■ What you need to do ■
From the first line of the data below, copy each line up to the one containing "Bild des Angebotes", and include that line too.

Short descriptive text snippets:
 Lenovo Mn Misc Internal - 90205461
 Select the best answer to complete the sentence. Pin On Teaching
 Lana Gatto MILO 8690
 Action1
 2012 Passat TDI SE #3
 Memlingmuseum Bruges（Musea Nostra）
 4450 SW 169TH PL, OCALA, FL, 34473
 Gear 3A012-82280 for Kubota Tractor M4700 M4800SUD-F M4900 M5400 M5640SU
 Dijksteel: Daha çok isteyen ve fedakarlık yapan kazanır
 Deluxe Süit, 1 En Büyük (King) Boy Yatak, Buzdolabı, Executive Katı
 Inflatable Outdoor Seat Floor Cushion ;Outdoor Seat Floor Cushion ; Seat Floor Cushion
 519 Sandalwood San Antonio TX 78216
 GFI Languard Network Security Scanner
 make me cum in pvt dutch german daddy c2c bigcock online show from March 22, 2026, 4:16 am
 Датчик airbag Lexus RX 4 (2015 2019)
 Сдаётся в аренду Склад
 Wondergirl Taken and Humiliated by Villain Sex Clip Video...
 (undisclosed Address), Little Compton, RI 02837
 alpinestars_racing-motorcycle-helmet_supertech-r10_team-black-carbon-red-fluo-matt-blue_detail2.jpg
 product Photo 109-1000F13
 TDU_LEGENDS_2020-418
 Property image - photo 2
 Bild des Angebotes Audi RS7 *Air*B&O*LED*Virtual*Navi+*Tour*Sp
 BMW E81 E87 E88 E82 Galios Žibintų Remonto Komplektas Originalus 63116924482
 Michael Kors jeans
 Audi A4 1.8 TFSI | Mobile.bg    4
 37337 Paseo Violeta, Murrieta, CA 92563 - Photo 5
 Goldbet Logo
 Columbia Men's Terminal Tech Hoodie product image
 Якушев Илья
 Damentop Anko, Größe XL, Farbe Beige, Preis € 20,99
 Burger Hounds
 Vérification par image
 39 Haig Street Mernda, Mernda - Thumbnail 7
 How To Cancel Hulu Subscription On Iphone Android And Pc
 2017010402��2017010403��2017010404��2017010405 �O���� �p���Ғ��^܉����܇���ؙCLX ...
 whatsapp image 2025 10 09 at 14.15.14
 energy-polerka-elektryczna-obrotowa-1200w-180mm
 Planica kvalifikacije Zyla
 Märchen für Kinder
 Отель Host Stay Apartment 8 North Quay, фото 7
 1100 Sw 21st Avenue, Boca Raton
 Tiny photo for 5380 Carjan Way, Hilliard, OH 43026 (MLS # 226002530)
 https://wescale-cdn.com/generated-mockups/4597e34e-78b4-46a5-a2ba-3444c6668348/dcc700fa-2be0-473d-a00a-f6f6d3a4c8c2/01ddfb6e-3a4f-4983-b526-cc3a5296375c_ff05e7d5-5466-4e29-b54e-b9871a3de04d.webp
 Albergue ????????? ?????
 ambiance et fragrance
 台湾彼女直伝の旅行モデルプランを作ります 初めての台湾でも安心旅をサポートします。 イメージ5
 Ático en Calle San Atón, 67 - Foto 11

■ Task answer ■
 Lenovo Mn Misc Internal - 90205461
 Select the best answer to complete the sentence. Pin On Teaching
 Lana Gatto MILO 8690
 Action1
 2012 Passat TDI SE #3
 Memlingmuseum Bruges（Musea Nostra）
 4450 SW 169TH PL, OCALA, FL, 34473
 Gear 3A012-82280 for Kubota Tractor M4700 M4800SUD-F M4900 M5400 M5640SU
 Dijksteel: Daha çok isteyen ve fedakarlık yapan kazanır
 Deluxe Süit, 1 En Büyük (King) Boy Yatak, Buzdolabı, Executive Katı
 Inflatable Outdoor Seat Floor Cushion ;Outdoor Seat Floor Cushion ; Seat Floor Cushion
 519 Sandalwood San Antonio TX 78216
 GFI Languard Network Security Scanner
 make me cum in pvt dutch german daddy c2c bigcock online show from March 22, 2026, 4:16 am
 Датчик airbag Lexus RX 4 (2015 2019)
 Сдаётся в аренду Склад
 Wondergirl Taken and Humiliated by Villain Sex Clip Video...
 (undisclosed Address), Little Compton, RI 02837
 alpinestars_racing-motorcycle-helmet_supertech-r10_team-black-carbon-red-fluo-matt-blue_detail2.jpg
 product Photo 109-1000F13
 TDU_LEGENDS_2020-418
 Property image - photo 2
 Bild des Angebotes Audi RS7 *Air*B&O*LED*Virtual*Navi+*Tour*Sp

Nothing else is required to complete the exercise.